Heading west over the St. Joseph River changed Peters' perception of South Bend. It was the late 2000s, and so many areas looked sorely in need of revitalization. Peters became aware of what she called the Notre Dame "bubble": "This bubble of wealth and the elites, and then you have this whole city outside that doesn't necessarily tap into that."

Peters, a standout forward at Notre Dame from 2007 to 2012 who went on to play professionally for years, is keeping this divide in mind as she plans to build 60 new apartments tailored to low-income tenants in downtown South Bend.

A vacant lot at the intersection of Michigan and Monroe Streets, known colloquially as the "Fat Daddy's block" in honor of the closed surplus store, is Peters' chosen site to invest more than $14 million to build a four-story, 65,000-square-foot apartment complex. Of the 60 units, 46 would be priced affordably to serve a spectrum of lower-income residents.

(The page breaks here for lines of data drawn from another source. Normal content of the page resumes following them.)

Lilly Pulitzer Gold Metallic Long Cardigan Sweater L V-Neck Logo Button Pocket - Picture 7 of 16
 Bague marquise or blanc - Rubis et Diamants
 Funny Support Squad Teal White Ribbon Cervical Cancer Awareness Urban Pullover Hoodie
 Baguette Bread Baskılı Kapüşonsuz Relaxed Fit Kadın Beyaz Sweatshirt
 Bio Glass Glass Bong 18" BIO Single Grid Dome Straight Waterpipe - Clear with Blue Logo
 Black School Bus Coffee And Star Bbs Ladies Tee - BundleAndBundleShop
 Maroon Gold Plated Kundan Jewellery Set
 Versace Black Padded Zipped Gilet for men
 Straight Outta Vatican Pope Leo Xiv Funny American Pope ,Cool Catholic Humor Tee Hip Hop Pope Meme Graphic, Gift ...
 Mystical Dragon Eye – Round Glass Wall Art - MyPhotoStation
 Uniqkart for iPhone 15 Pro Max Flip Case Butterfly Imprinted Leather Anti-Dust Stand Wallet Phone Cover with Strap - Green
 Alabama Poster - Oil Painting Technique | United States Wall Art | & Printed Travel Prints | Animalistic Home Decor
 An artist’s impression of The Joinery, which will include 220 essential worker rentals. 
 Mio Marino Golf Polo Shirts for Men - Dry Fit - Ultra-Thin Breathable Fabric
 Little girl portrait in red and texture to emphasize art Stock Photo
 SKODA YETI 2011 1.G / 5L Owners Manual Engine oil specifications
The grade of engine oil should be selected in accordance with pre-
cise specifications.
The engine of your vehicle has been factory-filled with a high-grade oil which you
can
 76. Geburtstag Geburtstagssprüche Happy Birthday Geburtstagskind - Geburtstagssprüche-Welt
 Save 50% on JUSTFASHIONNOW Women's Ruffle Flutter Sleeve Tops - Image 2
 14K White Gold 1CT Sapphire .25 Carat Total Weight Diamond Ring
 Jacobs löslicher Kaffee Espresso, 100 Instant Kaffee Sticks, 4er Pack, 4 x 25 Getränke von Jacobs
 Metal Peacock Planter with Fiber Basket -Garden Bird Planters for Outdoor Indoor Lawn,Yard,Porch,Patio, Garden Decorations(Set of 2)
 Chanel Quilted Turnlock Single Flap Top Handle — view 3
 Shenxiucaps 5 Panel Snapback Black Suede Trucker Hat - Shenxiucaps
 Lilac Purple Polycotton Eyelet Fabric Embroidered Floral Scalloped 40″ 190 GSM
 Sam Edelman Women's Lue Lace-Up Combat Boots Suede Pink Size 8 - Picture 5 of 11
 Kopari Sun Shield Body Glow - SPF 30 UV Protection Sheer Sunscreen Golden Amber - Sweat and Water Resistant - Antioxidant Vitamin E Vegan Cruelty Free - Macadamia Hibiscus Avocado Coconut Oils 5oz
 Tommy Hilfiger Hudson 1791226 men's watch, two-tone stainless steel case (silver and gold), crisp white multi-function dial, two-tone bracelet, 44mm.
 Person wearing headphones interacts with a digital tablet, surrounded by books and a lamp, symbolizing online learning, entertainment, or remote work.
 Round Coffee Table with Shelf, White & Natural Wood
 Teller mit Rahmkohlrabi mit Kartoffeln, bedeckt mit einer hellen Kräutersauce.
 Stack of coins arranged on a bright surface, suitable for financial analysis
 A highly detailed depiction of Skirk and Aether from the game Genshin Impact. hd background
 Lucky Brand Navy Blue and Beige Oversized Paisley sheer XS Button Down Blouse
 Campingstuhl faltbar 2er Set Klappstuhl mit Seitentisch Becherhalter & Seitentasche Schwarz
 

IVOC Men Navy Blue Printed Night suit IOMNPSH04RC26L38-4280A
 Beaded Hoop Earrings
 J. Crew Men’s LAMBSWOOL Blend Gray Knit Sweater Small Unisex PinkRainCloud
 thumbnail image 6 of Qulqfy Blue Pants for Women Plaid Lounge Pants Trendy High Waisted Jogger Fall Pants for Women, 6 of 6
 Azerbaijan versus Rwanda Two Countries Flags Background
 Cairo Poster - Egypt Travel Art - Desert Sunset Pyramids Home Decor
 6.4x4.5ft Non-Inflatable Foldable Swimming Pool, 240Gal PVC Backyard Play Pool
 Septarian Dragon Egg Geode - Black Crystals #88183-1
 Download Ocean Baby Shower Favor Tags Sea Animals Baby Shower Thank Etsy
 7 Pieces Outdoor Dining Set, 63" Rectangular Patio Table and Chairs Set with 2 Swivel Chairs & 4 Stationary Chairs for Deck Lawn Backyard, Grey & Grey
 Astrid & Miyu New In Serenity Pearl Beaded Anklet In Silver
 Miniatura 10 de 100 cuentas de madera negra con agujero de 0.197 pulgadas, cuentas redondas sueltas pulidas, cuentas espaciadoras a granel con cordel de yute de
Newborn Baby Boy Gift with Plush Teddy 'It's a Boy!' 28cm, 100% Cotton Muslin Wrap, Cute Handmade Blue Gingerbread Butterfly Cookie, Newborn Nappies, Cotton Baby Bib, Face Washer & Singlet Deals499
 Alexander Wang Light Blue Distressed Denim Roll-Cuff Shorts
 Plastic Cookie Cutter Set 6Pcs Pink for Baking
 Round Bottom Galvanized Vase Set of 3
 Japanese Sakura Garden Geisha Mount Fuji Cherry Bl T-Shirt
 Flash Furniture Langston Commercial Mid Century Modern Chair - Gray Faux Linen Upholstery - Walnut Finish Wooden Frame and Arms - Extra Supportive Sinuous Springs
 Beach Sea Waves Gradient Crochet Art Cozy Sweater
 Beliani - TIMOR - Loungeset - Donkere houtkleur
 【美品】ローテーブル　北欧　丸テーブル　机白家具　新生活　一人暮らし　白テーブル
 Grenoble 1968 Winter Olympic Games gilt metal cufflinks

The project could stall, however, if the Indiana Housing and Community Development Authority rejects Peters' application for rental housing tax credits. Failure to be chosen for the highly competitive annual program, which reduces a developer's tax burden, has derailed multiple affordable-housing projects over the past five years, including a Wisconsin-based firm's plans to build senior housing in the old Fat Daddy's buildings.